EXERCISE DIRECTIONS: The required output is the full listing below, reproduced word for word.

EXERCISE DATA:
=-=-=
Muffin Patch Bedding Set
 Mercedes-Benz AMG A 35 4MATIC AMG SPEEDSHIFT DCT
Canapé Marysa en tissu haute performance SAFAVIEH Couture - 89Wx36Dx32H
=-=-=
SOLUTION TO THIS TASK:
Muffin Patch Bedding Set
 Mercedes-Benz AMG A 35 4MATIC AMG SPEEDSHIFT DCT
Canapé Marysa en tissu haute performance SAFAVIEH Couture - 89Wx36Dx32H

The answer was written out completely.